» **PROVIDED INFORMATION**
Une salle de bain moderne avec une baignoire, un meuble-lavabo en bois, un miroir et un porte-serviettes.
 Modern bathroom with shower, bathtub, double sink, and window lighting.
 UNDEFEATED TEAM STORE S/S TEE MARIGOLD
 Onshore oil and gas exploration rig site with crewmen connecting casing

--

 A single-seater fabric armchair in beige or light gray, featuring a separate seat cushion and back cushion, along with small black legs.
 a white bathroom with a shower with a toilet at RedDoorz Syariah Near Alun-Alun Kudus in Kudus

» **EXERCISE**
Count each line above where the word "bathroom" appears, and answer with nothing except that count.

» **EXERCISE ANSWER**
2